WHAT TO WORK ON. In the listing below, the lines starting with the line with "Stock heatmap by" and going on through the line with "Cútar: el PP" are to be reproduced exactly, and only those.

MATERIALS PROVIDED.
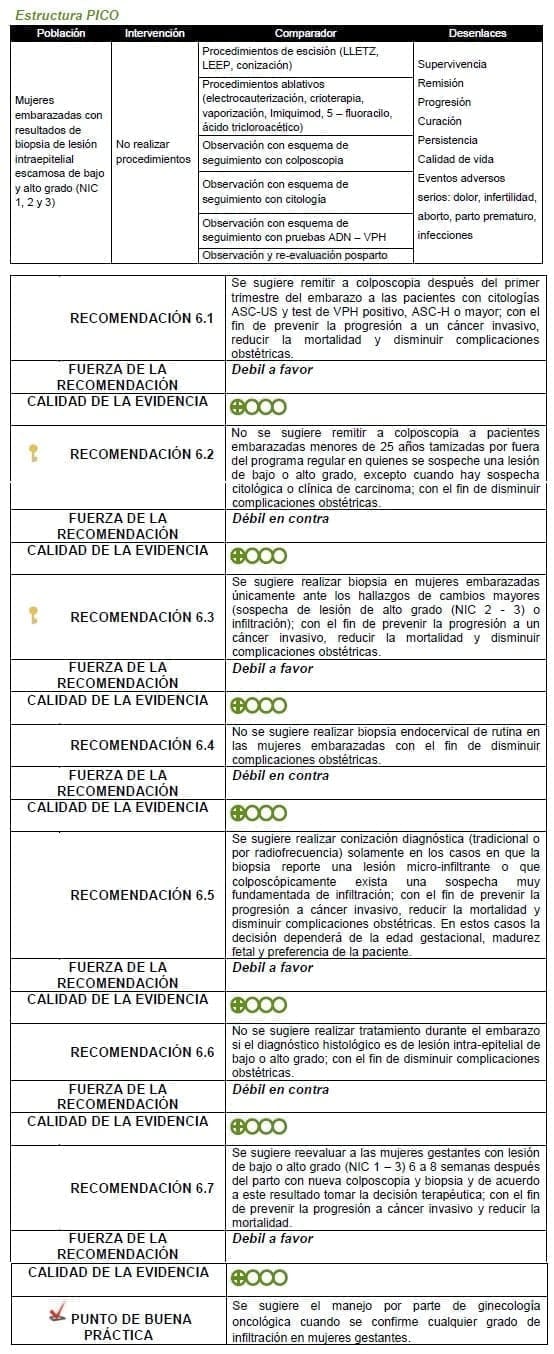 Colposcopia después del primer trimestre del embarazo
...
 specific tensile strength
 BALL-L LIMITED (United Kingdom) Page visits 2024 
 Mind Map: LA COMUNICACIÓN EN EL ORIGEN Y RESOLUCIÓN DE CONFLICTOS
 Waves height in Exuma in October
---
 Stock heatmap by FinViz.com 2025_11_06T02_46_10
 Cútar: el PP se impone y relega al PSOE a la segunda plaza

ANSWER TO THIS PROBLEM.
 Stock heatmap by FinViz.com 2025_11_06T02_46_10
 Cútar: el PP se impone y relega al PSOE a la segunda plaza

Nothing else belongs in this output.